Tomam-se conselhos e comprimidos. Procuram-se escapes e alternativas. Mas a
tristeza só há-de passar entristecendo-se. Não se pode esquecer alguem antes de
terminar de lembrá-lo. Quem procura evitar o luto, prolonga-o no tempo e
desonra-o na alma. A saudade é uma dor que pode passar depois de devidamente
doída, devidamente honrada. É uma dor que é preciso aceitar, primeiro, aceitar.
É preciso aceitar esta mágoa esta
moinha, que nos despedaça o coração e que nos mói mesmo e que nos dá cabo do
juízo. É preciso aceitar o amor e a morte, a separação e a tristeza, a falta de
lógica, a falta de justiça, a falta de solução. Quantos problemas do mundo
seriam menos pesados se tivessem apenas o peso que têm em si , isto é, se os
livrássemos da carga que lhes damos, aceitando que não têm solução.
Não adianta fugir com o rabo à
seringa. Muitas vezes nem há seringa. Nem injecção. Nem remédio. Nem
conhecimento certo da doença de que se padece. Muitas vezes só existe a agulha.

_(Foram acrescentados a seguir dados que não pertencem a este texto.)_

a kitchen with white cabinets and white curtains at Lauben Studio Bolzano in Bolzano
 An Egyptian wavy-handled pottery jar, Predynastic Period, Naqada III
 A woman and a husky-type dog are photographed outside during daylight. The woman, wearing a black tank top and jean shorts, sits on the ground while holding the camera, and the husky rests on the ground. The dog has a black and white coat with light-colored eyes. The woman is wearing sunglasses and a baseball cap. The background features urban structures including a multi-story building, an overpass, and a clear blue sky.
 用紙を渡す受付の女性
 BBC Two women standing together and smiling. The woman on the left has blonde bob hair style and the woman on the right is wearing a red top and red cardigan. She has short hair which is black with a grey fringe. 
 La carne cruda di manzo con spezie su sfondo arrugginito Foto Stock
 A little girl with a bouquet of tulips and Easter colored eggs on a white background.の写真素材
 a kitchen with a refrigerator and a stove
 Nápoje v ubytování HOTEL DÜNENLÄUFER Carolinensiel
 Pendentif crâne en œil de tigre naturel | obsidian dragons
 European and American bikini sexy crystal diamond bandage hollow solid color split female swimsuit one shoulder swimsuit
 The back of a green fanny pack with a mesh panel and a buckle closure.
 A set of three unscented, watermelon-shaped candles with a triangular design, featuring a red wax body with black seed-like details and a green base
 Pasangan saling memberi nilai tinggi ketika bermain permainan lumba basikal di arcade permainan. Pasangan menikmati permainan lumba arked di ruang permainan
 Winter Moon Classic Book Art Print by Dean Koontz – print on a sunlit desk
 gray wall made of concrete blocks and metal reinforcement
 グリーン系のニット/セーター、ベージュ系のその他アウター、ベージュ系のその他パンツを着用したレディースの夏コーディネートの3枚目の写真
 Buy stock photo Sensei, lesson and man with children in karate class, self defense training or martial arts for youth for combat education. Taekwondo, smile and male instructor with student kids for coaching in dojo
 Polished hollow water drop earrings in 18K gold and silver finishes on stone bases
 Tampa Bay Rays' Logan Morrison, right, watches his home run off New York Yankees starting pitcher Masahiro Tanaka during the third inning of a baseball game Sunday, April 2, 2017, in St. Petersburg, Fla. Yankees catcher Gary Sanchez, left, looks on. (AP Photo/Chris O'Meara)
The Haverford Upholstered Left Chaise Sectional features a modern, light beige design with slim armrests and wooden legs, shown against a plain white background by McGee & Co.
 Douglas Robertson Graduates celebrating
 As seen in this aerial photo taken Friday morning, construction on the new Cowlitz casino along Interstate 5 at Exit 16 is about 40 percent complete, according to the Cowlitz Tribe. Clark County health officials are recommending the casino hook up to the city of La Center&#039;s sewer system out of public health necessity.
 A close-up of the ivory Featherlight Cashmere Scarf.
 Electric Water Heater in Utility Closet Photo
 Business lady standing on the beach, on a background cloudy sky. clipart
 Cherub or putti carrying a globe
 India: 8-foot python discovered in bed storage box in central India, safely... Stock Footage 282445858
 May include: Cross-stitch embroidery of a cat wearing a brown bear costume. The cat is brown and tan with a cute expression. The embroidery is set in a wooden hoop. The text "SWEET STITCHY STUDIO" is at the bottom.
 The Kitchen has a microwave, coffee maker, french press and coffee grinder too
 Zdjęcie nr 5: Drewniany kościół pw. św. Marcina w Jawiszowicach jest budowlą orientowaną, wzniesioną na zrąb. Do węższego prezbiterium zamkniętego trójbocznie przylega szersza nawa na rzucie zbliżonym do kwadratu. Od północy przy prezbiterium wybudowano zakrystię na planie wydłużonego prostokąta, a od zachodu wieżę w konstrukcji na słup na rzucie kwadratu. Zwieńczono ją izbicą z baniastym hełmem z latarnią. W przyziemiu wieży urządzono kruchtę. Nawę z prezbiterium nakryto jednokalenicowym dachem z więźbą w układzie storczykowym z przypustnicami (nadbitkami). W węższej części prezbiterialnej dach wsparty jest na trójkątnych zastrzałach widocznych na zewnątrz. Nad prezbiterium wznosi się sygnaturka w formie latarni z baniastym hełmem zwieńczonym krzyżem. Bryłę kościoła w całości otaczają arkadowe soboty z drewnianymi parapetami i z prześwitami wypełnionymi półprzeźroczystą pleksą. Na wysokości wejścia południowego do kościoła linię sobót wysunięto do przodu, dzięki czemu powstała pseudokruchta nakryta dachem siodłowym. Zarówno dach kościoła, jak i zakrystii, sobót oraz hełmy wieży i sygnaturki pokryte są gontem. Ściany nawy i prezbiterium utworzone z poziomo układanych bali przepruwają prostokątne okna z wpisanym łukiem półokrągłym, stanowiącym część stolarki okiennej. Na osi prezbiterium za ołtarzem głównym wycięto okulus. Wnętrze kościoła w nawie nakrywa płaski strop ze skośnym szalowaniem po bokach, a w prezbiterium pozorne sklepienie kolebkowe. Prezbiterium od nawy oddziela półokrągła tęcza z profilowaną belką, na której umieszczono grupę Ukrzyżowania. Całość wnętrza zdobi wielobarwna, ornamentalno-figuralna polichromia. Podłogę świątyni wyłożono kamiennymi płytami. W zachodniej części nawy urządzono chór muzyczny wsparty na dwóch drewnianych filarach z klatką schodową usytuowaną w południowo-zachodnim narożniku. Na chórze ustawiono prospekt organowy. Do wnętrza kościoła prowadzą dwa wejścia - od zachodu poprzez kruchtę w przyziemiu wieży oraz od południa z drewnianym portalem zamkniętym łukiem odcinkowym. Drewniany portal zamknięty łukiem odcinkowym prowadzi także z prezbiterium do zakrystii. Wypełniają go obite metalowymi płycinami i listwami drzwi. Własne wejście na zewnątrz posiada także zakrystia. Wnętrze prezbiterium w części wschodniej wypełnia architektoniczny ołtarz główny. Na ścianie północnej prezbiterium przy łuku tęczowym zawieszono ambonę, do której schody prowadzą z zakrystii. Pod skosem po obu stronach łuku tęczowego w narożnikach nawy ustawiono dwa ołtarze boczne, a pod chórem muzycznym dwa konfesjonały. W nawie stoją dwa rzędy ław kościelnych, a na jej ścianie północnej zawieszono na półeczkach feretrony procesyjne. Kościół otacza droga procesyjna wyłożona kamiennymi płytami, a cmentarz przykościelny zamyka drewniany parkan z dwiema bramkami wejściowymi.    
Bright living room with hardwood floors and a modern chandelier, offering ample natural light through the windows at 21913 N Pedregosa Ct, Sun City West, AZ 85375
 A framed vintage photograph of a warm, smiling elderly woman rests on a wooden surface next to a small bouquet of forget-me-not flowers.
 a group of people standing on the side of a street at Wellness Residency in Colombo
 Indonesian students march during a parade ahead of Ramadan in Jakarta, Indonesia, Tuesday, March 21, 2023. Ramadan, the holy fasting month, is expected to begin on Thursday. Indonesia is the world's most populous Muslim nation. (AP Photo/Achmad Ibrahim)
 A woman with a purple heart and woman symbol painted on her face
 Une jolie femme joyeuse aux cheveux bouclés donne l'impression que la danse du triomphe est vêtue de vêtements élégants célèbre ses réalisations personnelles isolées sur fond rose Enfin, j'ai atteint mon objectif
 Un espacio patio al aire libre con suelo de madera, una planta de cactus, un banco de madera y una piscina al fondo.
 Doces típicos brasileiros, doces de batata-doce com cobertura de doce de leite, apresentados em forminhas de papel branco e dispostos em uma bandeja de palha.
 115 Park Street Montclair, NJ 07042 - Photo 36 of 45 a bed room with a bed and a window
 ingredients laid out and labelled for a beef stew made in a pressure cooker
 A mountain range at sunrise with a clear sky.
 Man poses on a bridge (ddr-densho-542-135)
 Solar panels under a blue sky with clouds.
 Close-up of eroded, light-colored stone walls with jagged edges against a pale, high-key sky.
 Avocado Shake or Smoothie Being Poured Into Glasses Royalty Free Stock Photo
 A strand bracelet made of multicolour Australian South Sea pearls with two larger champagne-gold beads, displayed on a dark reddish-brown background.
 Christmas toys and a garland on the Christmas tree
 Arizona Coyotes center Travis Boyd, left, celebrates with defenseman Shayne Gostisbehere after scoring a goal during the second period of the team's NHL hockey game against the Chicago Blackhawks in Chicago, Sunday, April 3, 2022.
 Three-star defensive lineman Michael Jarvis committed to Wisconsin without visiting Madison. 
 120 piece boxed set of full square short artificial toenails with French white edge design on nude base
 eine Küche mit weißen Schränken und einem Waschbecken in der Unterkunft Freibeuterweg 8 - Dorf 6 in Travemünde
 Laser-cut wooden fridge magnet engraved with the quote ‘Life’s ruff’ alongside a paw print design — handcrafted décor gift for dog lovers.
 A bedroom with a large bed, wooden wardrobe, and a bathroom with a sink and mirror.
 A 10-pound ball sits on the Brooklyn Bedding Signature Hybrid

Dizem-nos, para esquecer, para
ocupar a cabeça, para trabalhar mais, para distrair a vista, para nos
divertirmos mais, mas quanto mais conseguimos fugir, mais temos mais tarde de
enfrentar. Fica tudo à nossa espera. Acumula-se-nos tudo na alma, fica tudo
desarrumado.
O esquecimento não tem arte. Os
momentos de esquecimento, conseguidos com grande custo, com comprimidos e
amigos e livros e copos, pagam-se depois em condoídas lembranças a dobrar. Para
esquecer é preciso deixar correr o coração, de lembrança em lembrança, na
esperança de ele se cansar.
Miguel Esteves Cardoso, in
'Último Volume'
1 comentário:
Marinheiros nao se fazem em aguas calmas. Forca contigo ;)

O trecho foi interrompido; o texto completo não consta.